Le plateau vocal convainc réunissant de superbes tempéraments féminins :  Rosalind Plowright fait une Madame de Croissy brute et âpre (sa mort saisit); surtout Patricia Petibon nous épargnant ses accents aigus parfois manièristes incarne une Blanche sincère, sensible, juste d’autant que Py exploite les mêmes talents d actrice qui nous avait valu avec lui à Genève sa troublante et féline Lulu. Même accomplissement superlatif pour la Constance de Anne-Catherine Gillet (remplacant Sandrine Piau souffrante) et après avoir chanté pour Angers Nantes Opéra le personnage de Blanche,  nous éblouit dans le rôle de Constance dont elle fait le double émotionnel de Blanche entre gandeur et exaltation; veritable torche vivante, celle fulgurante des jeunes mystiques.

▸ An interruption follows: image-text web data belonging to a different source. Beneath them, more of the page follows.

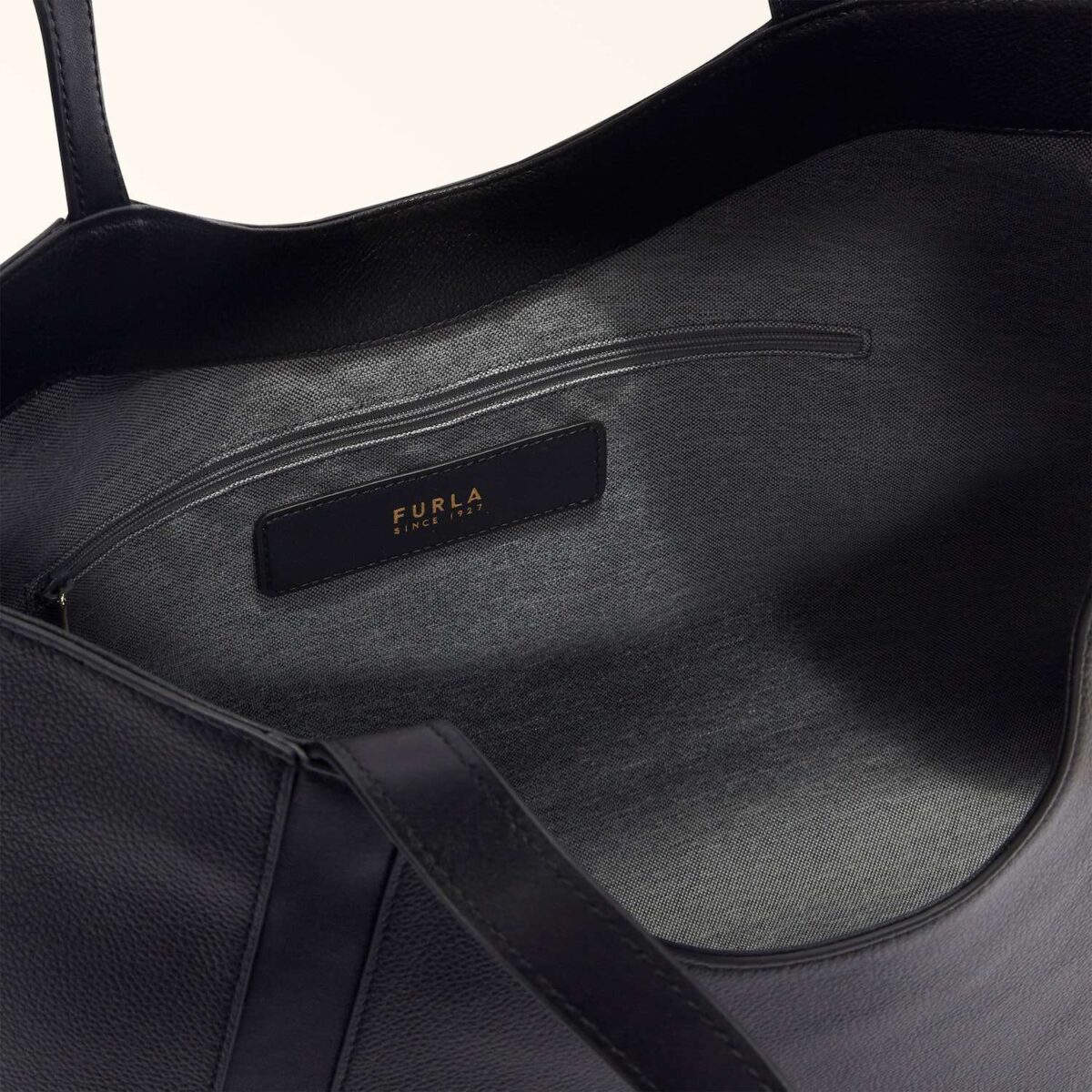 Borsa Furla Goccia 2 Borsa A Spalla Furla Goccia Nero Interno In Tessuto E Taschino Con Zip 8050597537368
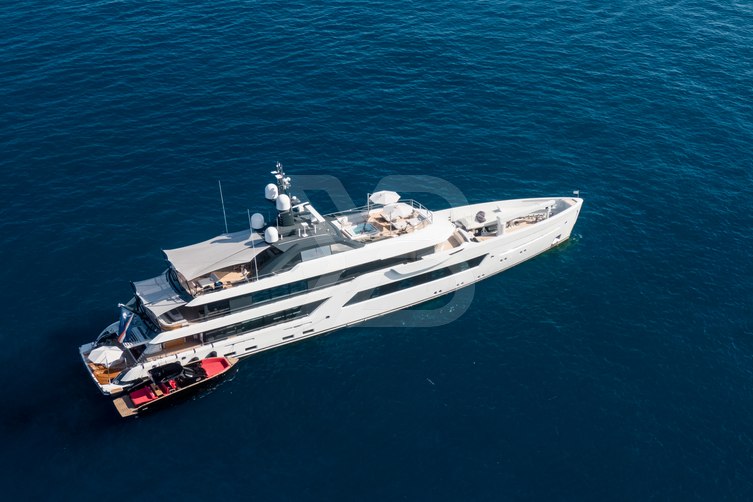 Entourage yacht exterior 17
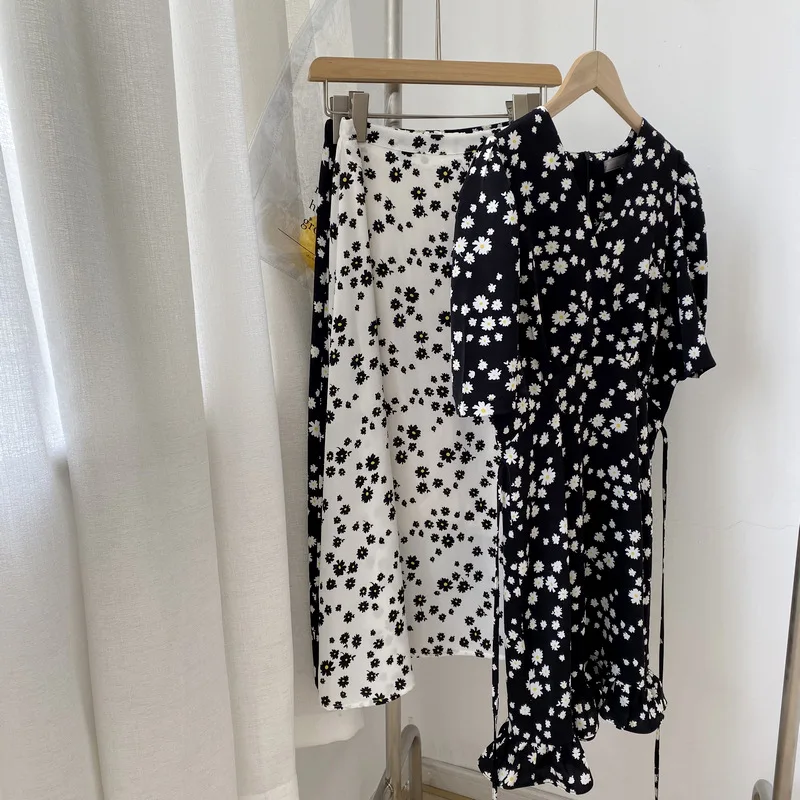 Женская мини-юбка с коротким рукавом до середины икры высокой талией и цветочным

On reste de marbre en revanche face à Sophie Koch (mère Marie) et Véronique Gens présentes sans guère d’approfondissement.

Jeune baguette familière des approches historiques, Jérémie Rhorer a troqué son Cercle de l’Harmonie pour les somptueux instrumentistes du Philharmonia. Le chef rétablit sans précipitation ni sécheresses toute l’activité instrumentale d’une partition qui se lit désormais comme un retable grouillant de vie, d ‘irrépressible ferveur… jusqu’à la chute finale au tragique glaçant.